I started to write. Furiously. I wrote and wrote. I wracked my mind for ideas and characters and stories. Entering my second year, I felt happy, truly and completely happy, for the first time in a long time. Yes, I was still in law school, but I still had time to make my dreams happen. I couldn’t give up yet. I stayed up long nights, skipped some useless classes, and by the end of my second year, I had written a full novel, upmarket general fiction, that I was proud of. Then, I took more risks. I was lined up for a New York City corporate law firm job, you know, suits and long workdays and shitty personalities. I told them no.
Enter this summer, coming quickly to an end as I type this. I have been trying to get agented, but have been reconsidering traditional publishing in lieu of self-publishing. Meanwhile, I’ve already started on a second book, fantasy this time. Things didn’t pan out the way I foresaw this summer.

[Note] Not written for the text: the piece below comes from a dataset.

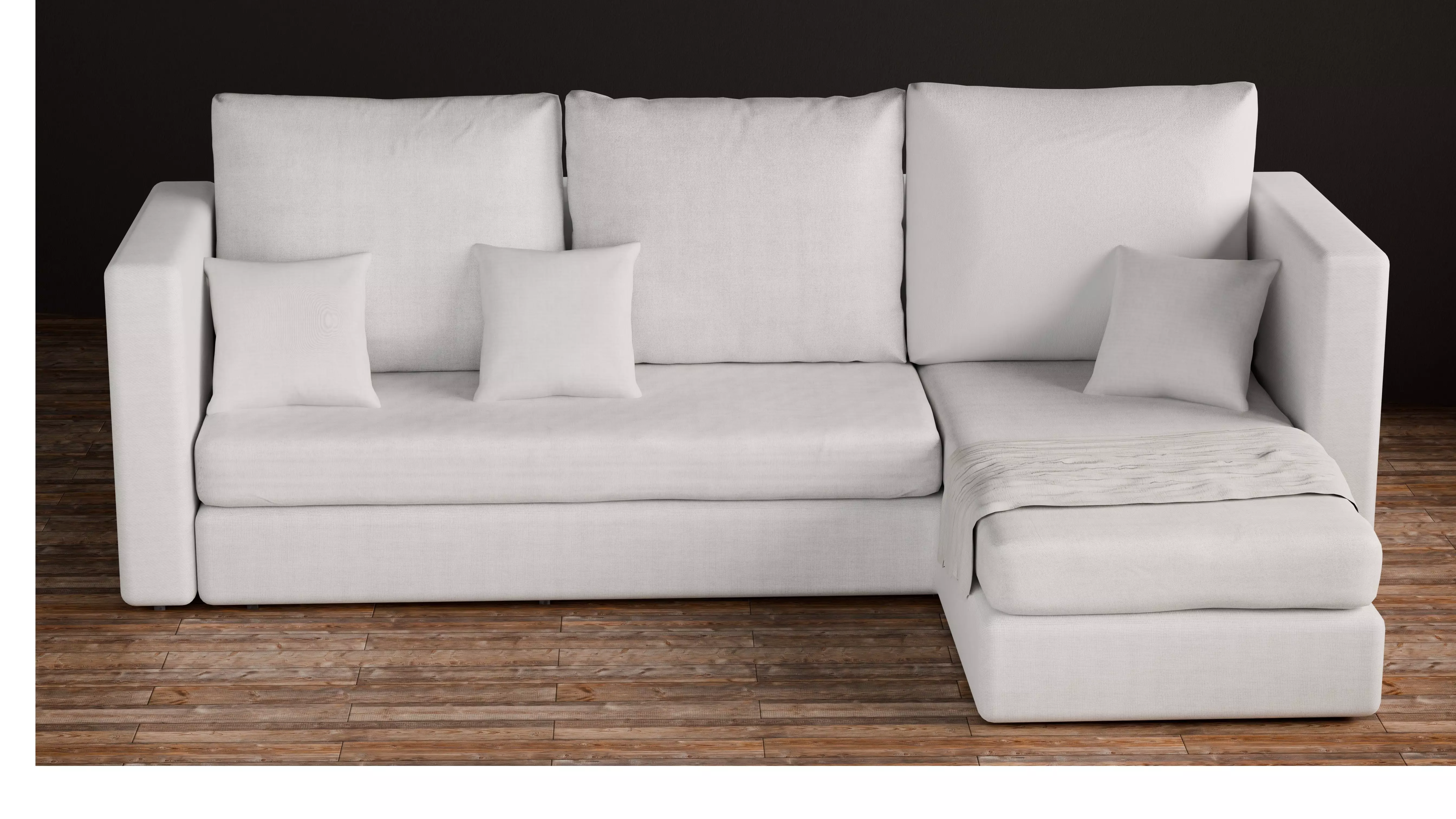 Realistic White Couch High Quality 3D Model Low-poly 3D model_0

I figured that I would have an agent, that I would have publishing houses fighting with each other to give me a contract, and that I would be entering my third year a writing success. But I’ve figured out my shit. I’ve fought the skeletons in my closet and come out victorious. I’m not depressed anymore, beyond the occasional blues that everyone gets once in awhile. Why? Because despite my short-term failures, I know that I’m doing what I need to do.
I’m following my heart, and no matter the results, that’s what fucking matters in the end.